Hello,
I am trying to select only values on a map that touch AND share the same value in a field. For example, numerous people own/are in charge of multiple plots of land across a state. Some of these parcels touch each other while others do not. One person may own two or more plots of land that touch, own plots of land far away from each other, or a mixture of both options (some that touch some that don't). I'd like to be able to select only parcels that touch and are owned by the same person.
If someone (let's say a value of 'John' in the 'Owner' attribute) owns parcels far away from each other or owns two parcels with another parcel (let's say 'Jasmine' owns the middle one) between, i.e. not touching, they would not be selected.

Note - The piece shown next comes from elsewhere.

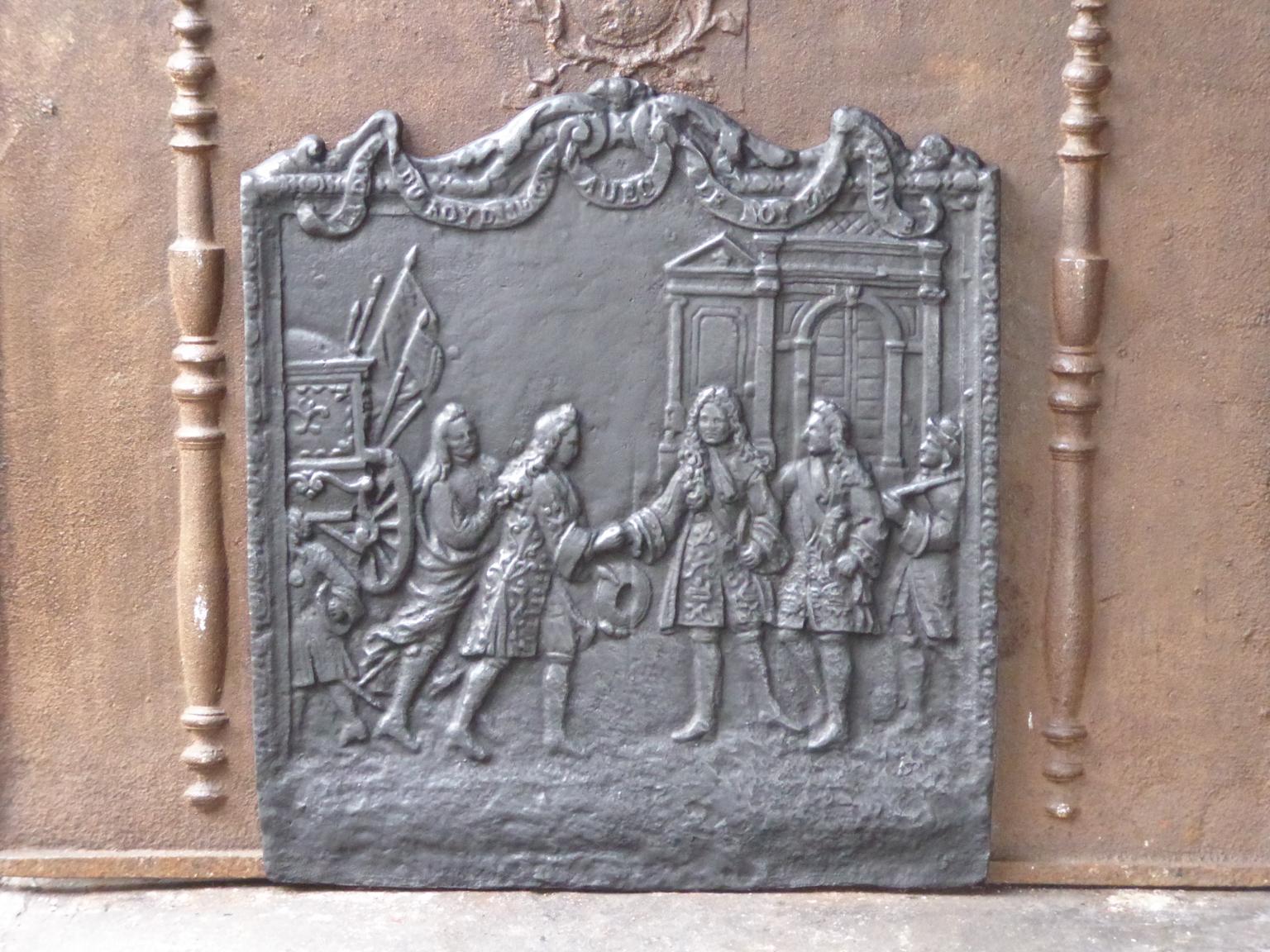 20th century French Louis XIV style fireback with the inscription: ''L'adieu du roy d'Espagne avec le roy de France''. Louis XIV says farewell to his grandson Philippe V, who has been freshly elected king of Spain with the words: 'My son, there are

I'd then like to be able to symbolize the 'double' parcels based on owner name, dropping all 'single' parcels from the map. I don't want to go fully manual by creating a new layer per owner then selecting polygons based on spatial proximity.

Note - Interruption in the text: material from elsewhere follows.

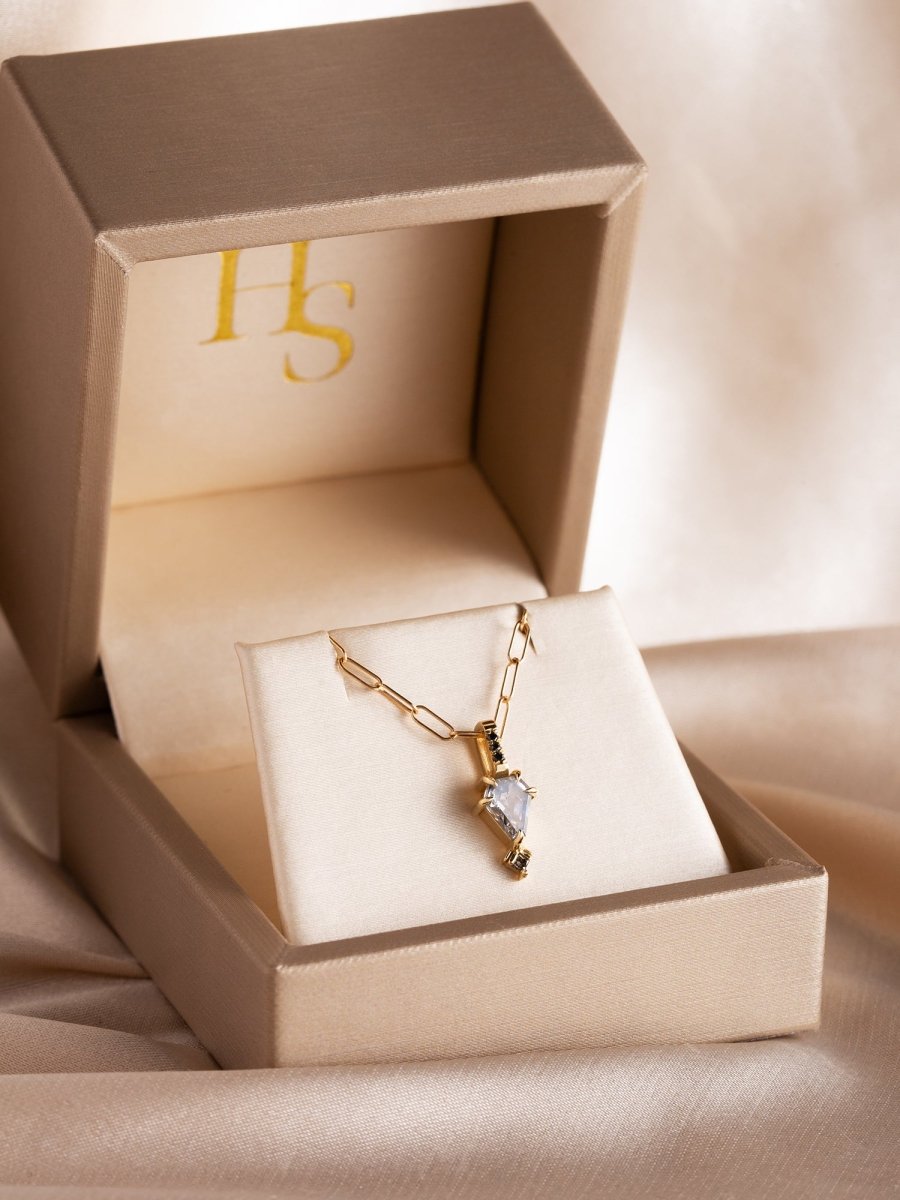 Gold bracelet with a heart charm in an open beige jewelry box with 'IFS' branding.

I've included a very basic table to try to convey the idea.
Any suggestions?
Owner | Parcel | x,y location |
John | 1 | 2,1 |
John | 3 | 2,2 |
Jessica | 7 | 7,6 |
Jessica | 8 | 6,6 |
A workflow to solve this that could be done in model builder is to step through each polygon and use the select by location to select up adjacent touching polygons. You then deselect all polygons that do not have the same name as the selecting polygon. Then that is your combination which you can tag with a field calculate. As you step through each polygon you will come across the inverse so you could have some logic that skips the tagging step or simply overwrite it.
This "brute force" approach won't necessarily scale well if you have billions of polygons your are testing. You don't give any indication of the scale of processing you desire.